Among those very likely to vote in the state’s Republican primary, Trump leads Haley by close to 2-1, 63%-35%.
“The story of this poll is the depth of strength shown by Trump,” said David Paleologos, director of the Suffolk University Political Research Center. The former president holds double-digit advantages among men and women, in every age group, and among both high school graduates and those with a college degree.
Haley has hoped for a strong showing in South Carolina, the state that twice elected her governor. But Paleologos notes that Trump’s lead is larger than his 19-point win in 2016 over Sen. Marco Rubio in his home state, Florida. (At the time, Trump wasn’t a resident of Florida, where he declared residency in 2019.)
The survey was taken Thursday through Sunday by landline and cellphone of 500 South Carolina voters who said they were “very likely” to vote in the primary or had already cast an early ballot. The margin of sampling error is plus or minus 4.4 percentage points.
Prep for the polls: See who is running for president and compare where they stand on key issues in our Voter Guide
Military families salute Trump
Trump created controversy this month when he mocked Haley’s husband, Michael Haley, a National Guardsman now on a yearlong deployment to Africa. “What happened to her husband?
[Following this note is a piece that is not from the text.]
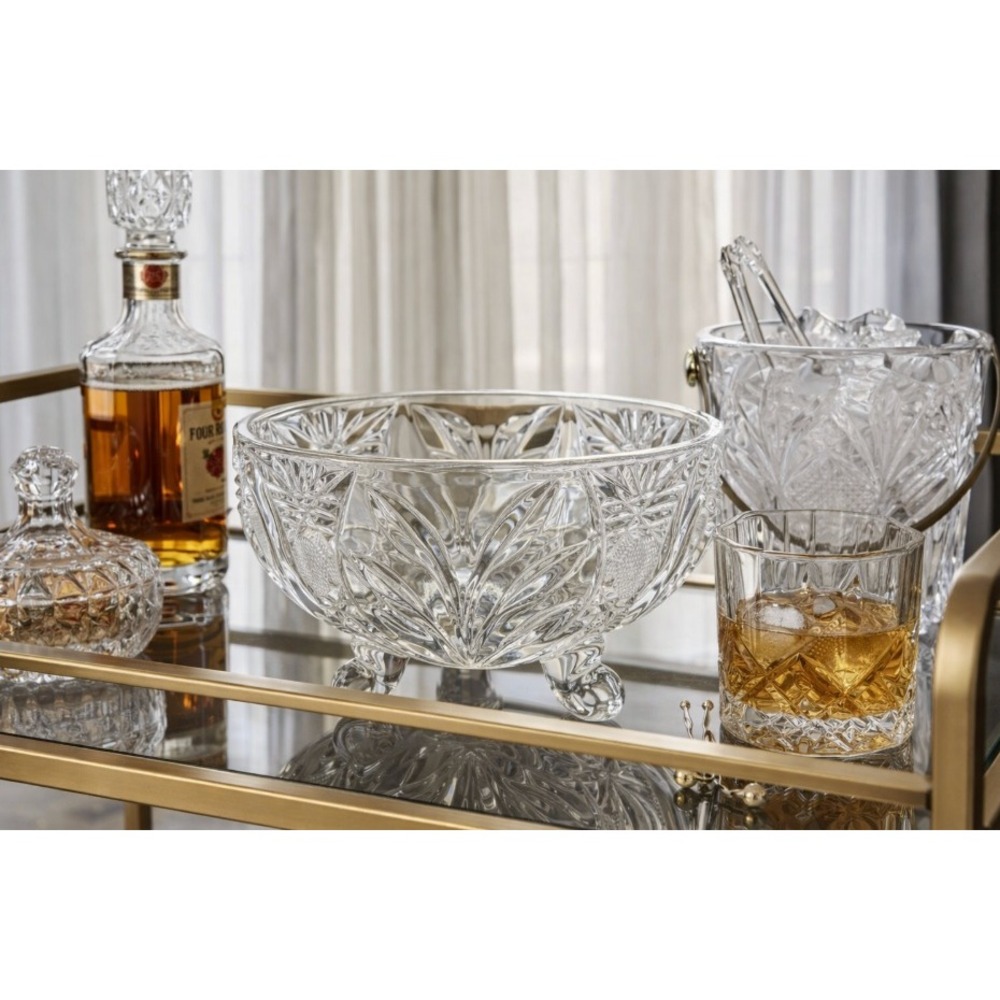 CRYSTAL Vingate Glass Oval Dish With 4 Feet and etched pinwheel floral design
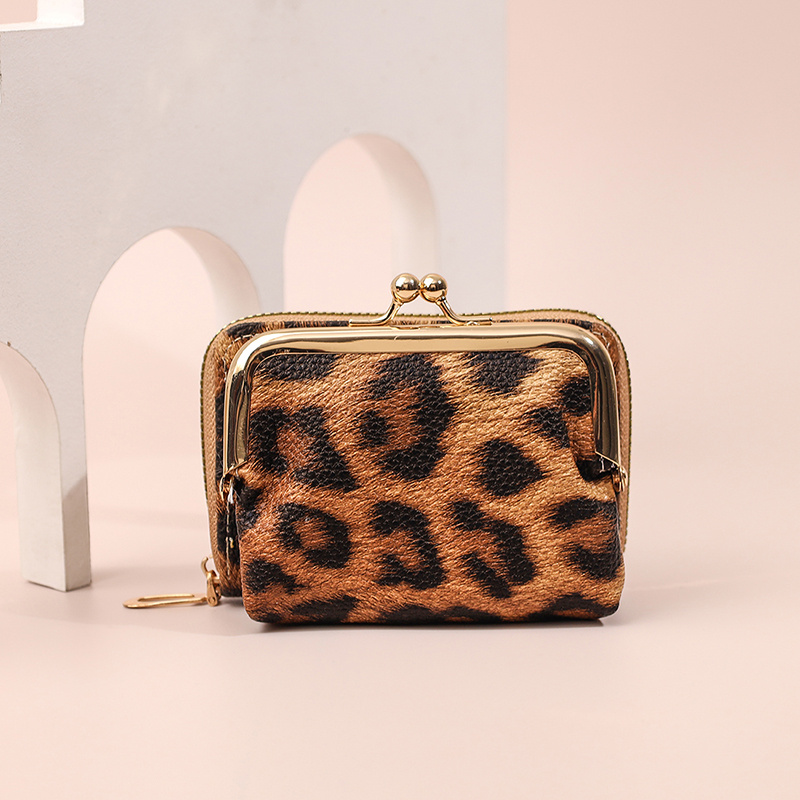 TEMU Exquisite High-end Short Coin Purse Card Holder 2025 New Women's Fashion Leopard Print Large Capacity Multi-card Slot Id Coin Clip Bag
Where is he?” he asked suggestively at a rally in Conway, South Carolina. “He’s gone.”
Haley responded on social media: “Michael is deployed serving our country, something you know nothing about.”
Even so, Trump leads Haley among voters in military families 65%-33%, a bit wider than his standing among those who don’t have a member of the military in their family.
SC voters like Nikki Haley, but they like Donald Trump more
Though both Trump and Haley have net favorable ratings among primary voters, the former president is more popular (64%-25%) than the former governor(47%-36%).